RECORDS SUPPLIED:
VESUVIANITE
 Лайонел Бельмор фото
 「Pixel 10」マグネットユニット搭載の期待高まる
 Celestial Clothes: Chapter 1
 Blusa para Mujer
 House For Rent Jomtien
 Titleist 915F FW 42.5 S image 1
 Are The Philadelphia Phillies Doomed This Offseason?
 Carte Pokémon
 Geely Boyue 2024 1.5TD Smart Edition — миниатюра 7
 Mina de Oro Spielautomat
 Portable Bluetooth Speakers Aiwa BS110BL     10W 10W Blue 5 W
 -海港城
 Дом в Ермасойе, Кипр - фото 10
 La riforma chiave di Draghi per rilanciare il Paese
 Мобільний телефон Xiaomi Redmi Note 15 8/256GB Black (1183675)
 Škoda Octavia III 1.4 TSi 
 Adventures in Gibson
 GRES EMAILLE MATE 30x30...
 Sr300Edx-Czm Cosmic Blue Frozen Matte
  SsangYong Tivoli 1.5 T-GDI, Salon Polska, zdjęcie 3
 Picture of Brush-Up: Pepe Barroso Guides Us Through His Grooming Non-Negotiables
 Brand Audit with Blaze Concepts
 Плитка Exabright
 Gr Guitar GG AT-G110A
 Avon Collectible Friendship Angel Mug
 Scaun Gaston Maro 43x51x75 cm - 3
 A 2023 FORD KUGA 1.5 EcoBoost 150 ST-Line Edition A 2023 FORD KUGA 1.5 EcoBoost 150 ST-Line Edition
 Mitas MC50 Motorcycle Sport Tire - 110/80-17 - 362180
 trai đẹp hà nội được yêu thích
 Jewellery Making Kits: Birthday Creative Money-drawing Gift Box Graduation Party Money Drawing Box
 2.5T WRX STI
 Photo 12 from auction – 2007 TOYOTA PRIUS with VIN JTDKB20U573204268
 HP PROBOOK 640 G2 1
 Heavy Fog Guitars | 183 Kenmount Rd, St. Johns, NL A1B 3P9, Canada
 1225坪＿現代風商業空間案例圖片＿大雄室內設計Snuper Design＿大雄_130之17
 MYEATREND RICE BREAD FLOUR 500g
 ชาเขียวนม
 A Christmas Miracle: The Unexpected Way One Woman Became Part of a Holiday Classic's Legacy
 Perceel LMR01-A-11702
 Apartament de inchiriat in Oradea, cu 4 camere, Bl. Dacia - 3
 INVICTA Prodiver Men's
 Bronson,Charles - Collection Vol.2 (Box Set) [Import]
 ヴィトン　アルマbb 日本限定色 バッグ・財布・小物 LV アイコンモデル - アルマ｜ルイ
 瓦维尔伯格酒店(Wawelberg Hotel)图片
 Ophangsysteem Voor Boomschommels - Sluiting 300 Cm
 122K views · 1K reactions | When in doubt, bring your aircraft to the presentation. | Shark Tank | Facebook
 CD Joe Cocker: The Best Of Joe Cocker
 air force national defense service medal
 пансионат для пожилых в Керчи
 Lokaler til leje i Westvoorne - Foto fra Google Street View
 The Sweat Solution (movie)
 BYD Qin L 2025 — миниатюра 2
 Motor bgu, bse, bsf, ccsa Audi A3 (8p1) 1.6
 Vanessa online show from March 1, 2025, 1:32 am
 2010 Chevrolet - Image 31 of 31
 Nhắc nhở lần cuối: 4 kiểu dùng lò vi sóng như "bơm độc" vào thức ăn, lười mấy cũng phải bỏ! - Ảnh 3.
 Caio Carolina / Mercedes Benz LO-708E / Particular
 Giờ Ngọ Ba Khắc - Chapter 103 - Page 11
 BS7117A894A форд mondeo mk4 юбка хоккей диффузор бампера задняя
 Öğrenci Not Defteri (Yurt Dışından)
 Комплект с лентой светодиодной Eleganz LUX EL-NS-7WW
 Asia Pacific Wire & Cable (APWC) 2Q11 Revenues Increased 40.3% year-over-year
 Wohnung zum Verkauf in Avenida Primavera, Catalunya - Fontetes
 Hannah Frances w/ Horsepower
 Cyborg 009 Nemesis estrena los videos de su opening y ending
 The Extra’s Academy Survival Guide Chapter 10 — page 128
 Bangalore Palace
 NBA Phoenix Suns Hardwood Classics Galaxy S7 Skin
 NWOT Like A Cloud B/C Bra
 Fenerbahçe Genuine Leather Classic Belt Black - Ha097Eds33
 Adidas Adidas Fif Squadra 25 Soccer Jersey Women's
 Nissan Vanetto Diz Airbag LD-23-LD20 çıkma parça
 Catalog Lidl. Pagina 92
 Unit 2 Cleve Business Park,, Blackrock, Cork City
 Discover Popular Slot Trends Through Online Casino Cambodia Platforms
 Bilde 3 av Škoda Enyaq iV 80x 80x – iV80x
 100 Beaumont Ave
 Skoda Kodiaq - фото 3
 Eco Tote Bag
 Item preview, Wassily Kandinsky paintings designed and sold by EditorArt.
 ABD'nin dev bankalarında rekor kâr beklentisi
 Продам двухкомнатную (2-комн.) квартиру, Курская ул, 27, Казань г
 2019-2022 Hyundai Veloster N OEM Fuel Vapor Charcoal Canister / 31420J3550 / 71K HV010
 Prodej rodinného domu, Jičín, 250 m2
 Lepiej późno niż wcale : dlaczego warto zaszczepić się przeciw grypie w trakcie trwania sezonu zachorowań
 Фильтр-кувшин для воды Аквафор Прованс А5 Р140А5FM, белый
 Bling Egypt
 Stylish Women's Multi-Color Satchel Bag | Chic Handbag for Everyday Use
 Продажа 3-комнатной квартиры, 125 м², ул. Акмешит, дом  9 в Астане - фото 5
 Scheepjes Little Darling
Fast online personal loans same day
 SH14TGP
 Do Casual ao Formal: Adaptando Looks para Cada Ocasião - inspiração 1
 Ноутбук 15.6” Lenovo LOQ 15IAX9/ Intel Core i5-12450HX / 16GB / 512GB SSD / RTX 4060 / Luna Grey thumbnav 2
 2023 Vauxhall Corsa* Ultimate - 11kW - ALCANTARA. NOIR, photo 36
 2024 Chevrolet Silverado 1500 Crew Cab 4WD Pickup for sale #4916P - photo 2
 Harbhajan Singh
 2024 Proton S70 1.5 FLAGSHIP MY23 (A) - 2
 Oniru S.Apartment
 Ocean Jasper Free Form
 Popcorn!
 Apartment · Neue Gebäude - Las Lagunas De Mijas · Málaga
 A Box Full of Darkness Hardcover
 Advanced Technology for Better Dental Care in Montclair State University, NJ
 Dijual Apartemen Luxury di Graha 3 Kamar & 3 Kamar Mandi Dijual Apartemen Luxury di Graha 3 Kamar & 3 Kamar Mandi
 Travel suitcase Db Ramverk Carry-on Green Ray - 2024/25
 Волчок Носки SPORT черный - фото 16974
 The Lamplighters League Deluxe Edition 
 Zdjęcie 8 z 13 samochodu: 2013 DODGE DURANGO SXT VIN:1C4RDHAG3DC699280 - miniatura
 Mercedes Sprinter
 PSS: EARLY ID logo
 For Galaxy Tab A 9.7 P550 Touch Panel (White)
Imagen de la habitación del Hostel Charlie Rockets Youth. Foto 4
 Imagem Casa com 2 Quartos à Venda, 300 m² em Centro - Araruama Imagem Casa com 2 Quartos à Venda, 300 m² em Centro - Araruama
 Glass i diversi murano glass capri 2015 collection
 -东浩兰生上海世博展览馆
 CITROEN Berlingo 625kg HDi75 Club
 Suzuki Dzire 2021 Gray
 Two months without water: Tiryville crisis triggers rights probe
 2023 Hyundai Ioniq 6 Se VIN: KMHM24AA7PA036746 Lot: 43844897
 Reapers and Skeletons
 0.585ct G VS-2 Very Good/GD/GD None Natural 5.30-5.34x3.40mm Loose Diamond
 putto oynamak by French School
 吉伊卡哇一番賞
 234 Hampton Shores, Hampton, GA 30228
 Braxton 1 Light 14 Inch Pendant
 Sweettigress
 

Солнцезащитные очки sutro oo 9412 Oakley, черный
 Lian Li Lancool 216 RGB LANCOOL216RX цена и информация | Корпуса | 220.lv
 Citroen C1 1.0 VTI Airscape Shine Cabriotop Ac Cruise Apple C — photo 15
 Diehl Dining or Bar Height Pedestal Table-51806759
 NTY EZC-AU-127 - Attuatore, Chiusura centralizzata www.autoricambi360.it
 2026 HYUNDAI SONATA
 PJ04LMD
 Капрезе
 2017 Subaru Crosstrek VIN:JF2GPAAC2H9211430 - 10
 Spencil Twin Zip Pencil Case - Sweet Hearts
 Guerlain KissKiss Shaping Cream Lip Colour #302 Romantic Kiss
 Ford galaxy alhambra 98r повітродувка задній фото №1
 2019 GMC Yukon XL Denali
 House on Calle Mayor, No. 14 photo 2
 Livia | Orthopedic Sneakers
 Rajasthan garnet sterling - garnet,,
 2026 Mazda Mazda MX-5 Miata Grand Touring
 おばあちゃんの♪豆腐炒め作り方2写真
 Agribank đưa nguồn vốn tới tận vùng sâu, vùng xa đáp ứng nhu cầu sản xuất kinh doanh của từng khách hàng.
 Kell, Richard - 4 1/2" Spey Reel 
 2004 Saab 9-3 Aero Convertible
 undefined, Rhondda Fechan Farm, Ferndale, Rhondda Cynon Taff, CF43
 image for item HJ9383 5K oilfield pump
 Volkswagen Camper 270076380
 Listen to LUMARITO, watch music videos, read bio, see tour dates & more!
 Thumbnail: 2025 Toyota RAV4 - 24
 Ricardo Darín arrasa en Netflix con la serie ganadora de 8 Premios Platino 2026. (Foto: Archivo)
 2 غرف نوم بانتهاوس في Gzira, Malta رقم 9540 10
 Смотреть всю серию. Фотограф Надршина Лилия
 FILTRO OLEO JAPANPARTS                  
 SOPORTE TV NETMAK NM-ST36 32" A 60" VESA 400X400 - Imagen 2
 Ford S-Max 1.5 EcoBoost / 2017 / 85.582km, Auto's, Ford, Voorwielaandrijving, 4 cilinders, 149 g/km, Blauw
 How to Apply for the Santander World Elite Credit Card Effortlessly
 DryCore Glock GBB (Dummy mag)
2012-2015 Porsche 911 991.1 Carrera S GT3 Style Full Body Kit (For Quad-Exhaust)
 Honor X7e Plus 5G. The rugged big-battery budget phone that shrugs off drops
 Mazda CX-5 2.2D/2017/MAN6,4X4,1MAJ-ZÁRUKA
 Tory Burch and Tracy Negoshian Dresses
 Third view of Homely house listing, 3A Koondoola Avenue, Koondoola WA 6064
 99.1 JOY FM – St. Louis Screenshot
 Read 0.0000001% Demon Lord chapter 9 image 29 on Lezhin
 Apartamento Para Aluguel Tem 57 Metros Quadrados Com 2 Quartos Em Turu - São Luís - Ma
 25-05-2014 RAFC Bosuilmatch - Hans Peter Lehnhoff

PROBLEM REQUIREMENTS: In the listing above, find the line with "Two months without" and the line with "Sweettigress", then reproduce both and every line between them exactly.

OUTPUT FOR THIS TASK:
 Two months without water: Tiryville crisis triggers rights probe
 2023 Hyundai Ioniq 6 Se VIN: KMHM24AA7PA036746 Lot: 43844897
 Reapers and Skeletons
 0.585ct G VS-2 Very Good/GD/GD None Natural 5.30-5.34x3.40mm Loose Diamond
 putto oynamak by French School
 吉伊卡哇一番賞
 234 Hampton Shores, Hampton, GA 30228
 Braxton 1 Light 14 Inch Pendant
 Sweettigress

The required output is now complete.